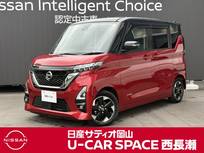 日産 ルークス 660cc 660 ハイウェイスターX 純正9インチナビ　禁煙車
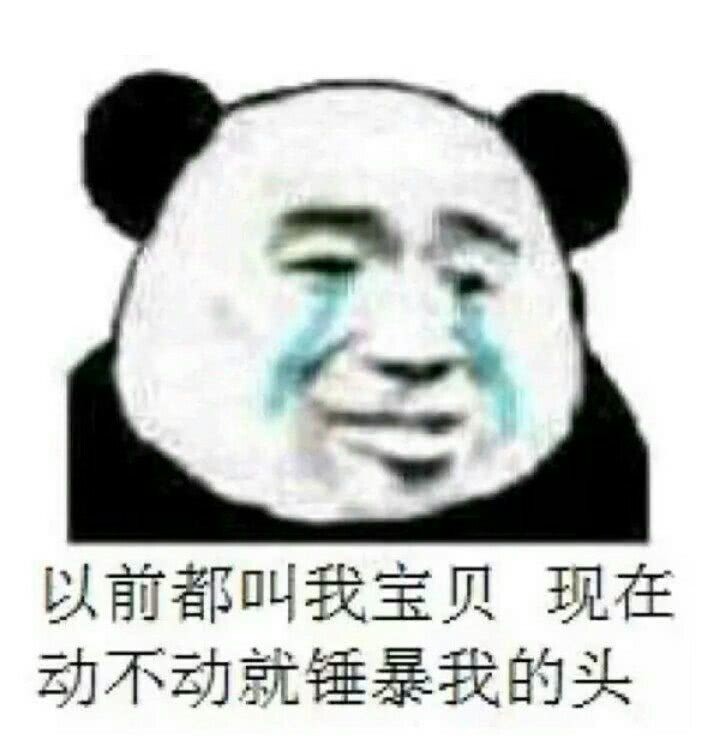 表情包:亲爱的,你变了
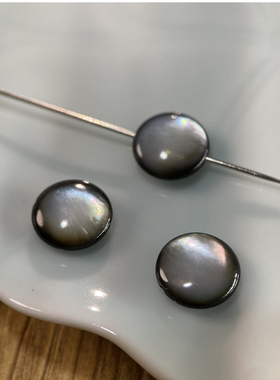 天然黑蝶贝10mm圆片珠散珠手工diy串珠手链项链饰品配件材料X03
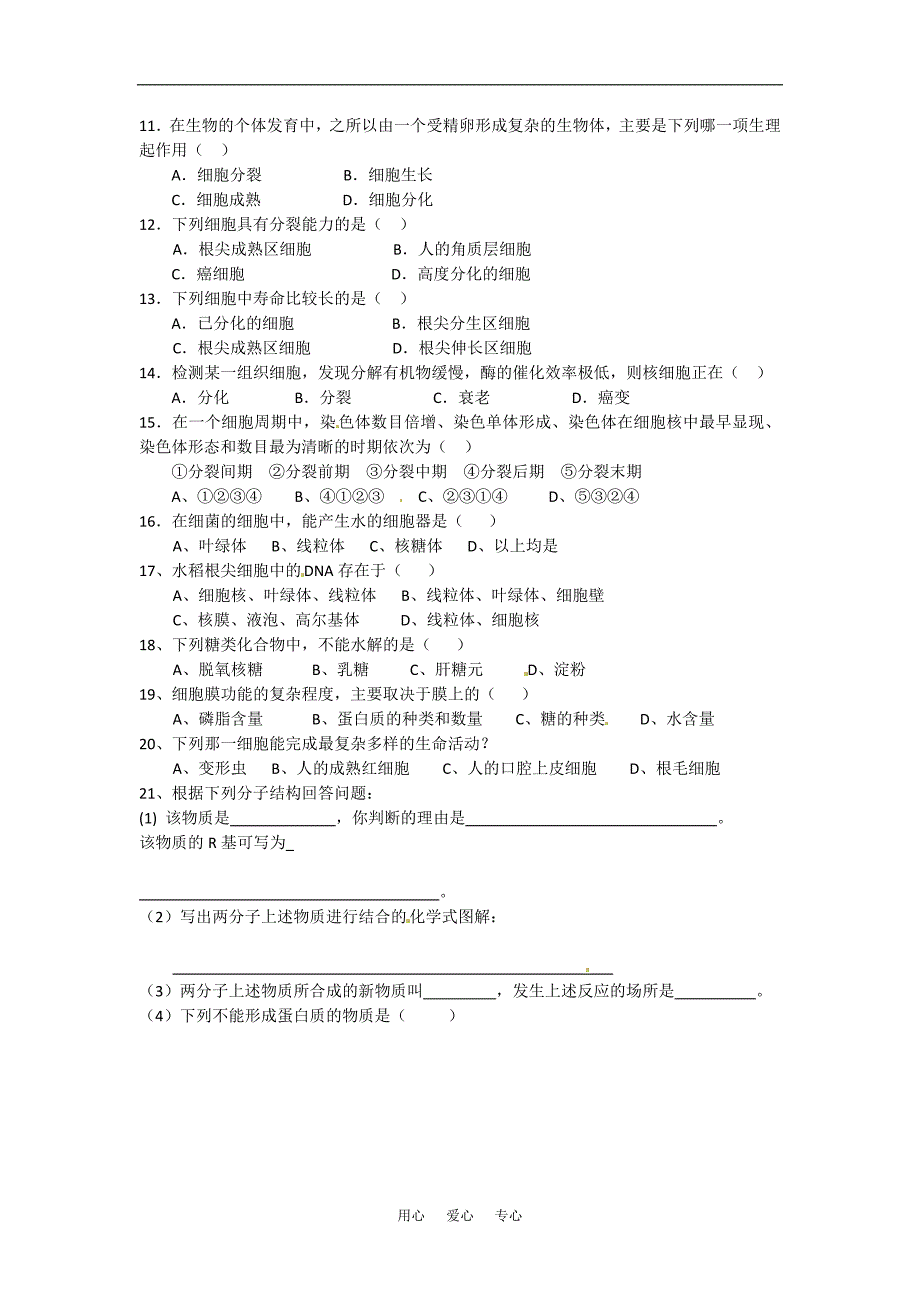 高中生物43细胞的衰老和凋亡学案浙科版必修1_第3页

+++

→ **EXERCISE REQUIREMENTS**
Exactly repeat only the lines from the one with "表情包:亲爱的,你变了" to the closing line above, both included, and omit every picture.

→ **COMPLETED TASK**
 表情包:亲爱的,你变了
 天然黑蝶贝10mm圆片珠散珠手工diy串珠手链项链饰品配件材料X03
 高中生物43细胞的衰老和凋亡学案浙科版必修1_第3页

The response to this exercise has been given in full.